Otherwise, I found the DV-563A very easy to operate. The remote control is nothing fancy and has no backlighting, but its layout is spacious, and key buttons are sensibly placed. I also liked the player's onscreen Disc Navigator and Audio Settings menu, which makes it easy to adjust channel levels temporarily while listening to SACDs or DVD-Audio discs. There's also a Video Adjust menu that lets you fine-tune contrast, brightness, and color levels, and store your changes to two presets.
Despite its bargain price, I expected the Pioneer player to deliver excellent images, and I was not disappointed. Playing dual copies of the Avia test DVD (and the one movie I have a dupe of) through their S-video outputs, I found no meaningful differences in picture quality between the DV-563A and my reference player, a superb all-format design costing almost four times as much. When I routed the DV-563A's component-video output directly to my Princeton Graphics TV, a rotation of my usual reference DVDs - like The Fifth Element and Saving Private Ryan - yielded the superb detail and well-delineated tones of color and shades of brightness that I'm familiar with from topflight players.

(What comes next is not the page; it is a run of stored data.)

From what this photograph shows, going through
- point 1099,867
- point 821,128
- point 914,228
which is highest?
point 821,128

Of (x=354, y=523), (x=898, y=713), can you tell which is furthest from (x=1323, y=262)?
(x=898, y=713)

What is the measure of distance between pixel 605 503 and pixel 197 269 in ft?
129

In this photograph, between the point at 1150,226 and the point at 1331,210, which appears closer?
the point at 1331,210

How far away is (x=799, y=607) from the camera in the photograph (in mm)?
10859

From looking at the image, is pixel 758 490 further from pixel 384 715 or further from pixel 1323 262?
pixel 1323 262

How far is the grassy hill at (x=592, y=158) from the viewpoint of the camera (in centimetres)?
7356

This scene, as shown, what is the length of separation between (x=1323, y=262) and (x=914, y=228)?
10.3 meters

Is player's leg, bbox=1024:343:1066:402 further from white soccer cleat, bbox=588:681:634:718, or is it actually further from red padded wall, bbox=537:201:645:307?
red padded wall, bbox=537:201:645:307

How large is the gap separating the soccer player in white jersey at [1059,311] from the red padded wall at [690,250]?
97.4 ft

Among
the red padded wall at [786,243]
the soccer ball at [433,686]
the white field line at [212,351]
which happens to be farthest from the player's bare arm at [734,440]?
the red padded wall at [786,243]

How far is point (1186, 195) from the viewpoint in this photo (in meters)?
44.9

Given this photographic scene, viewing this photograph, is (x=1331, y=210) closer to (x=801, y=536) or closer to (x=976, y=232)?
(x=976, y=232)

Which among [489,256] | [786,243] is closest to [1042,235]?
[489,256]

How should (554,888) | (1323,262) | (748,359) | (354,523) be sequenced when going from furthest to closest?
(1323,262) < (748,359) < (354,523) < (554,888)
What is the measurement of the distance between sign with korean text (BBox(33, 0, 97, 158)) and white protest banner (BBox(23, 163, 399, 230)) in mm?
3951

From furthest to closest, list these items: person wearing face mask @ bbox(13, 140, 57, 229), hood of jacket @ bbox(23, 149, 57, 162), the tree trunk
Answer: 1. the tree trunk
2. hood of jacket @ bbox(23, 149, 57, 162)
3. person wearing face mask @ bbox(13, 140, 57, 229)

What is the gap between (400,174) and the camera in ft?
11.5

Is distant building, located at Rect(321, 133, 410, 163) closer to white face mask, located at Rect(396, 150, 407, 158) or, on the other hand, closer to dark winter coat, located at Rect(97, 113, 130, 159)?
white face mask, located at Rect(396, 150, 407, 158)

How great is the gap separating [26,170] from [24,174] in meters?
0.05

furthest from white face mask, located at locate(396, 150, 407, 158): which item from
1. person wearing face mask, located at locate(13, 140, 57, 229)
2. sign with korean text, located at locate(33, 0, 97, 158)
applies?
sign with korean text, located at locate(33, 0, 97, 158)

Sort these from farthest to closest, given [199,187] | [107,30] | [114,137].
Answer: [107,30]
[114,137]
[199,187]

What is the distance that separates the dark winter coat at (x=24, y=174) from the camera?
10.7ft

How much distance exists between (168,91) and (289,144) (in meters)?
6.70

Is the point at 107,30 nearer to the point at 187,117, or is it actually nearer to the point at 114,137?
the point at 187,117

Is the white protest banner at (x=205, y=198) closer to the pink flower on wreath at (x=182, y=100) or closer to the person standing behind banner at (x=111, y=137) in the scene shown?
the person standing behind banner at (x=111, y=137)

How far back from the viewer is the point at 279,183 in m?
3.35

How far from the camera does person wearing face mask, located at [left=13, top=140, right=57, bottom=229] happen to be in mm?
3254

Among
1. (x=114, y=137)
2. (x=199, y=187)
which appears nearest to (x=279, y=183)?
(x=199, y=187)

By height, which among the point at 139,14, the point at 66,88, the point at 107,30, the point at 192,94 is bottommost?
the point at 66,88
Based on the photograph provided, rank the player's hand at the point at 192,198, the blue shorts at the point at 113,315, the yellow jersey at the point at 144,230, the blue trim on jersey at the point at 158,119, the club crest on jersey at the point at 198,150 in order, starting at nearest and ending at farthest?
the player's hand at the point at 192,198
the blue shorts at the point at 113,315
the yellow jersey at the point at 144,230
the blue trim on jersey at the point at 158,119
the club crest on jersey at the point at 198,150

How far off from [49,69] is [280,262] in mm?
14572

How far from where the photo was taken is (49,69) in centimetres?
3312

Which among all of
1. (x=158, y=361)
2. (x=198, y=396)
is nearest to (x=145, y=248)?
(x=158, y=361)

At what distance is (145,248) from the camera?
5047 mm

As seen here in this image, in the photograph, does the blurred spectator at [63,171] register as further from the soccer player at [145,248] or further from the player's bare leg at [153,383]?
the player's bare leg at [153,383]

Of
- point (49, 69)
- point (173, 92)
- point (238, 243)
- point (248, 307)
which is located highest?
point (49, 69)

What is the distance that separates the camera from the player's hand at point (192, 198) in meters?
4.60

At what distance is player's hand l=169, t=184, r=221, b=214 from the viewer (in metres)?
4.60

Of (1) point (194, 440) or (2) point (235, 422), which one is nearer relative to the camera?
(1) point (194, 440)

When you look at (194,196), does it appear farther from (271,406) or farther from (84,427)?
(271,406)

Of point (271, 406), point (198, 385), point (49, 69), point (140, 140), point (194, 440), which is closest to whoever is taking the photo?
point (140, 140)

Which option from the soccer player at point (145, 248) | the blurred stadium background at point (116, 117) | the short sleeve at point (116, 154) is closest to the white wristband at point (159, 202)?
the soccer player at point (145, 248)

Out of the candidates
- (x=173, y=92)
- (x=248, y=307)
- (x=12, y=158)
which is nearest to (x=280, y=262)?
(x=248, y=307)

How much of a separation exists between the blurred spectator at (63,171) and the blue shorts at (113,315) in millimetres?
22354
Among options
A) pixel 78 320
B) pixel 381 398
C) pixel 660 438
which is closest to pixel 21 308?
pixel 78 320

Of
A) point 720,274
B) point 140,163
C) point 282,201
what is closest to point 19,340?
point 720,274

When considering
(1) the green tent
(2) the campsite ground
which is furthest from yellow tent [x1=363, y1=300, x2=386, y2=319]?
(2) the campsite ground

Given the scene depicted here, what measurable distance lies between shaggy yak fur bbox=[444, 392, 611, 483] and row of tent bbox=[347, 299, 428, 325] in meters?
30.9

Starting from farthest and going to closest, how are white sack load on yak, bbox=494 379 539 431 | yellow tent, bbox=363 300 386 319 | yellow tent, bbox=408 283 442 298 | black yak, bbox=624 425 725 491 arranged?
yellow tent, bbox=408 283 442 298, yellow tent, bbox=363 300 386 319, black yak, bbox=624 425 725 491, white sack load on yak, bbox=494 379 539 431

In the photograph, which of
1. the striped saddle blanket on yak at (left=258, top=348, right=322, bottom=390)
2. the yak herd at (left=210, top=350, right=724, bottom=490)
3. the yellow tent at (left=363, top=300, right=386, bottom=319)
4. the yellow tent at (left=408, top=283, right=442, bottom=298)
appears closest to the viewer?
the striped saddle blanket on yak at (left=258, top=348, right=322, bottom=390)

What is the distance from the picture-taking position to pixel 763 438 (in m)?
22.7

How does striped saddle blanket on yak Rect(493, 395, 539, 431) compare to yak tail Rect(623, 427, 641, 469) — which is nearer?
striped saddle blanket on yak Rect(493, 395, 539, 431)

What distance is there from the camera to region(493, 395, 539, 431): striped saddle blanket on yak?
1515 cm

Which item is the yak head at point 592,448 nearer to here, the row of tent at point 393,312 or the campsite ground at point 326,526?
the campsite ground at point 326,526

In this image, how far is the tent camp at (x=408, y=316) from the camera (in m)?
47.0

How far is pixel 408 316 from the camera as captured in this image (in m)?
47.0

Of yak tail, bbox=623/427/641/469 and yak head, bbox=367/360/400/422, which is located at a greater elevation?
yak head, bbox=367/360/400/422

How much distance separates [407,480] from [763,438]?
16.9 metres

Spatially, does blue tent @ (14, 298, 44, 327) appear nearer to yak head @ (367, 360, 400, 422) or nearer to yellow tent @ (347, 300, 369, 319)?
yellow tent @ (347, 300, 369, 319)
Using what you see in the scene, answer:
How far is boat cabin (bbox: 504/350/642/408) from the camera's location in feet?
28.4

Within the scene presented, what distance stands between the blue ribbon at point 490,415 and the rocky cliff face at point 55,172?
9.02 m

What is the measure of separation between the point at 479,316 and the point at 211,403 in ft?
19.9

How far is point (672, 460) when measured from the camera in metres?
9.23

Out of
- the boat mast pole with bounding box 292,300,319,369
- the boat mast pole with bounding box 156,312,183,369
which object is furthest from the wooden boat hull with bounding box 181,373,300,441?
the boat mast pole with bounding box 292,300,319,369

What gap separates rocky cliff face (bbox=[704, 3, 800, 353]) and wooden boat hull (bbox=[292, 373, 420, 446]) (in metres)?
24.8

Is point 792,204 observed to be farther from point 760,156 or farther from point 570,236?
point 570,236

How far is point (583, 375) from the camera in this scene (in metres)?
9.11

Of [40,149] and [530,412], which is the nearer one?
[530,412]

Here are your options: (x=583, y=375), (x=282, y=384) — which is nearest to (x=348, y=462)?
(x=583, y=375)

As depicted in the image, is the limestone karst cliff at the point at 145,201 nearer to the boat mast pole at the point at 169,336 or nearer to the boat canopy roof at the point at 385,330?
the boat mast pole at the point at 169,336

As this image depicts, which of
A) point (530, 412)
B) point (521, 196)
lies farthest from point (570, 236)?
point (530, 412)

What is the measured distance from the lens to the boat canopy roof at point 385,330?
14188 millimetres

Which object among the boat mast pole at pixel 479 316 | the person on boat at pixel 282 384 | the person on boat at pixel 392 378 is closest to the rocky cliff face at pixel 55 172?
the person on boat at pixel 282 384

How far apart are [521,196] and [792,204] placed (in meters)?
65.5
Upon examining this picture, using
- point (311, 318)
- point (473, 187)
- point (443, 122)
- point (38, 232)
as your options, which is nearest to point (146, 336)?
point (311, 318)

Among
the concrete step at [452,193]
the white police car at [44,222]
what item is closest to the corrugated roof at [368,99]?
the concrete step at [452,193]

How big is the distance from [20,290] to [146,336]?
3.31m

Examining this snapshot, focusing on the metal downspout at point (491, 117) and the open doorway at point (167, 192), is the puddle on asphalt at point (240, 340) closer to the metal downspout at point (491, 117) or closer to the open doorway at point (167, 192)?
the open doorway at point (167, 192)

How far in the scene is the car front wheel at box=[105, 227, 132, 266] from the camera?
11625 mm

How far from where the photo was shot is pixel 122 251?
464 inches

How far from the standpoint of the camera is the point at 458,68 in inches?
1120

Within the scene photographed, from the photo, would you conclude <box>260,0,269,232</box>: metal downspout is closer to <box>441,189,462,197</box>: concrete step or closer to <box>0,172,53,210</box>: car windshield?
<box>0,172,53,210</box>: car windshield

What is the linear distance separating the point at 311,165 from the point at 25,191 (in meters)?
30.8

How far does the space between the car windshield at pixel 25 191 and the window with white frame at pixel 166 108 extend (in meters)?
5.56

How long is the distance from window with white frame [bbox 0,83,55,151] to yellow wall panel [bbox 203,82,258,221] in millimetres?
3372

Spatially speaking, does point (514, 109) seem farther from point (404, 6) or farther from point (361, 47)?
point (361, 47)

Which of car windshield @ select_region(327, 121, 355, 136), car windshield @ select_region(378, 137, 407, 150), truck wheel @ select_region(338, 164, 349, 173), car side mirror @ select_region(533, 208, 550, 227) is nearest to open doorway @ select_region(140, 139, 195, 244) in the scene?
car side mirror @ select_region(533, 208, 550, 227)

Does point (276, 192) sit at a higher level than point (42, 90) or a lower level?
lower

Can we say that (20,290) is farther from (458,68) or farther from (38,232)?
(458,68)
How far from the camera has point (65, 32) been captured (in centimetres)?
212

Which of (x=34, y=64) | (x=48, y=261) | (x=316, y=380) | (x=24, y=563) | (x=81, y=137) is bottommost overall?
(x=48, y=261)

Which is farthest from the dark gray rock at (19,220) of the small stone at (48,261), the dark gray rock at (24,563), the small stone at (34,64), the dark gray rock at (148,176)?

|The Pioneer DV-563A brought out the terrific resolution of Steely Dan's Everything Must Go on DVD-Audio|
Of course, a big part of the DV-563A story is its high-resolution audio capabilities, and these proved very fine as well. The SACD classical sampler Super Artists on Super Audio is about as rigorous a sound-quality test as you'll find, and the Pioneer player aced it. I heard the purity of tone that I expected on the dense piano chords opening the excerpt from the Franck Cello Sonata. Switching over to Steely Dan's Everything Must Go on DVD-Audio, I was impressed by the terrific, lifelike resolution of flourishes like the mini tubular bells in the opening of "Godwhacker." My only complaint is that the player's bass-management settings change when you switch between DVD-Audio, SACD, and even regular DVD and CD (click to see "In the Lab" PDF for details).
Bottom line: the Pioneer DVD-563A is one terrific value. I believe in the SACD/ DVD-Audio advantage - I think they do indeed sound incrementally better than Dolby Digital and DTS soundtracks. Any player that puts these intriguing new music formats in the hands of a wider range of listeners, and presents them so well - as this Pioneer player certainly does - wins my approval.